We have never tried to grow all of the strawberries that we need.  It was easier to visit a nearby pick your own business.  That option has disappeared so we are considering growing our own.  One of the unanswered questions is just how long this planting will remain productive.  We have no need for huge berries to display at the fair but we have no interest in processing the tiny fruit that will appear over time.  If a second bed is started in the spring, it will have two years to fill in before we would expect a crop.  By then we will have had two crops from the existing bed and that might be the time to clear these plants.  Watch and try to learn is how we proceed.

This ground was cleared of pasture grass last spring and planted with potatoes.  That successful crop was followed with intensive soil improvement.  Weeds and stones were removed.  Lime, manure, sand and compost were worked into the soil.  Garlic was planted in October then covered with a thin layer of finely shredded leaves.  Strong winds removed much of that mulch so the wire fence sections were placed to try to hold what remained in place.  That wire could have been removed today since snow will likely return soon.  The wire needs to be gone before the garlic emerges early in the growing year.  The small stones at the edge of the bed carry the name of the garlic variety planted in that location.

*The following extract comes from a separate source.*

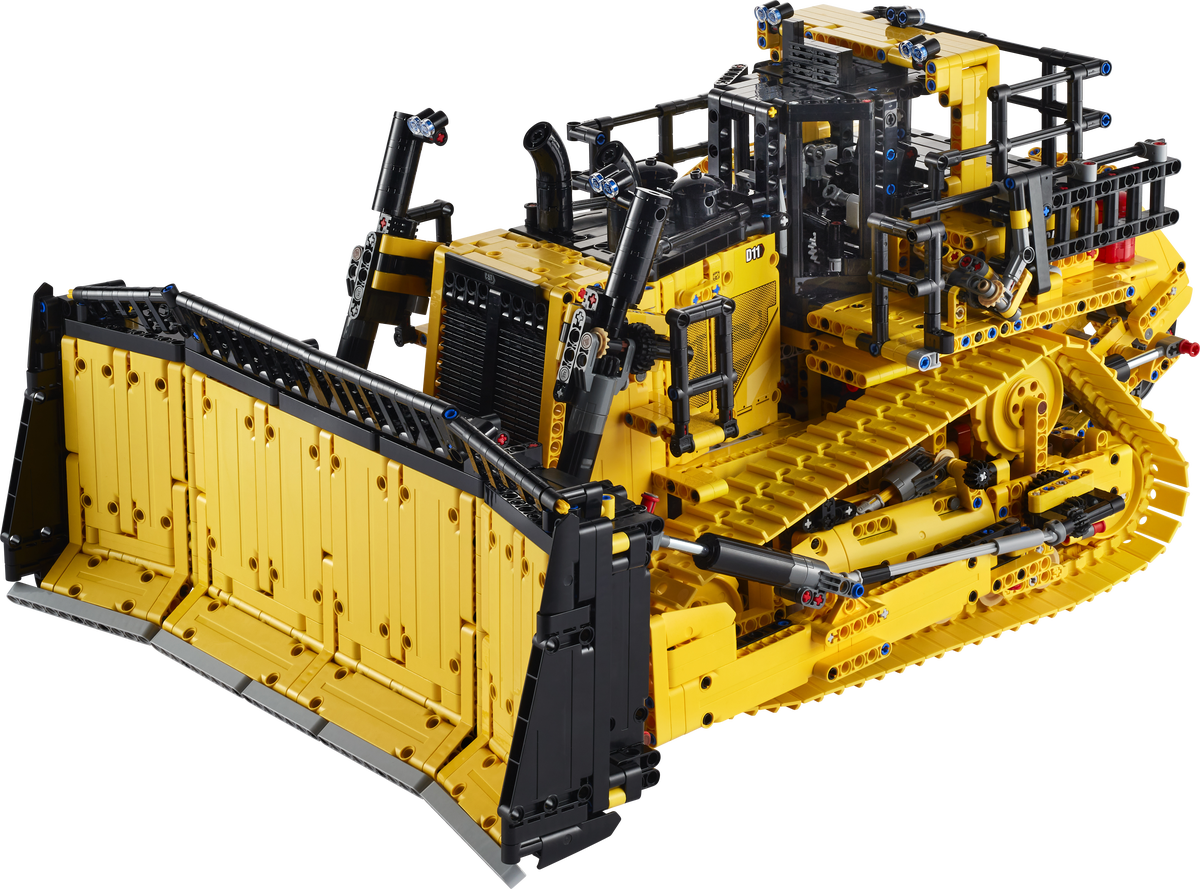  LEGO_Technic_huren_ Cat-D11_Bulldozer_met_app-besturing-42131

Few people would get excited by this dull brown patch of ground but I am thrilled with its appearance now.  This bed remained fallow last year.  Some time was spent removing weeds before they had a chance to set seed.  Last fall this ground was cleared and also amended with  lime, manure, sand and compost.  Then the shredded leaves were thickly placed hoping to smother any remaining weeds.  No weeds can be seen here now and that is great news.  This coming spring, the leaves that remain will be raked aside and the soil turned to mix in the expected thin black layer of rotted leaves.  Then this ground will become home for our onion plants.  Our hope is that this soil will remain relatively weed free as the onions grow.  We expect to spend some time removing weeds but hope that the weeds will be few in number since weeding onions always breaks some of their leaves.   What an unexpected pleasure to be out  to closely inspect the garden soil in mid January!

1 comment:

L or D said...

For several years we grew a special strawberry. It is absolutely delicious, but it is not commercially grown because it does not travel well. We found it molds quickly, so even though we rinse it with vinegar water, we use it or freeze it or jam it within one day of picking. It's called Mara Des Bois. Some of my pages are at: It tastes like you think strawberries should taste but never do.